Optimists tend to assume that every disagreement is just a misunderstanding between two well-intentioned people; pessimists may feel that differences of opinion are actually ill-intentioned attacks. In the fog of a hard talk, we tend to forget that we don't have access to anyone's intentions but our own. Remember that you and your counterpart are both dealing with this ambiguity. If you get stuck, a handy phrase to remember is, "I'm realizing as we talk that I don't fully understand how you see this problem." Admitting what you don't know can be a powerful way to get a conversation back on track.
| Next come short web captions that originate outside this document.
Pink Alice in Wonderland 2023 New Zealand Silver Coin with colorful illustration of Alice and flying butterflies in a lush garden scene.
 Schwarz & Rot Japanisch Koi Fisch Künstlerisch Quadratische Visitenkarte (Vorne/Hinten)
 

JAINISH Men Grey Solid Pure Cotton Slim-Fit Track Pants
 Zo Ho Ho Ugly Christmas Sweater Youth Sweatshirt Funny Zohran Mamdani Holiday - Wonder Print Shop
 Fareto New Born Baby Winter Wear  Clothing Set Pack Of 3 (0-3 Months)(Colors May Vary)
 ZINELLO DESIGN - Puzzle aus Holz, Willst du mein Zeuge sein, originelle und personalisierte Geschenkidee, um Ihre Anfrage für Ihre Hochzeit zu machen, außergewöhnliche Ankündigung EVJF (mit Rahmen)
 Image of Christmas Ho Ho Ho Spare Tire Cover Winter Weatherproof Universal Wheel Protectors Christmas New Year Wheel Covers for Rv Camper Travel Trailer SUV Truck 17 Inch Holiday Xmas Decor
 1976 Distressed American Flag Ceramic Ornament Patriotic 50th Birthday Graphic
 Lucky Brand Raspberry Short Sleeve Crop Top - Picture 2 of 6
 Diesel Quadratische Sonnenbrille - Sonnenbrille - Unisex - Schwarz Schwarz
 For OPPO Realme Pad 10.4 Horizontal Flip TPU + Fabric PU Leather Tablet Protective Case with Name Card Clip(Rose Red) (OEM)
The key in any tough talk is to always keep sight of the goal. Help prevent this by going into conversations with a clear, realistic preferred outcome; the knowledge of how you want your working relationship with your counterpart to be; and having done some careful thinking about any obstacles that could interfere with either. (Remember, "winning" is not a realistic outcome, since your counterpart is unlikely to accept an outcome of "losing.") If you've done the exercise described in Slide 7, this should be easier. And you'll be less likely to get thrown off course by either thwarting ploys or your own emotions.Slide 7

When we're caught off-guard, we're more likely to fall back into old, ineffective habits like the combat mentality. If you're not the one initiating the tough conversation, or if a problem erupts out of nowhere, stick to these basics: keep your content clear, keep your tone neutral, and keep your phrasing temperate. When disagreements flare, you'll be more likely to navigate to a productive outcome – and emerge with your reputation intact.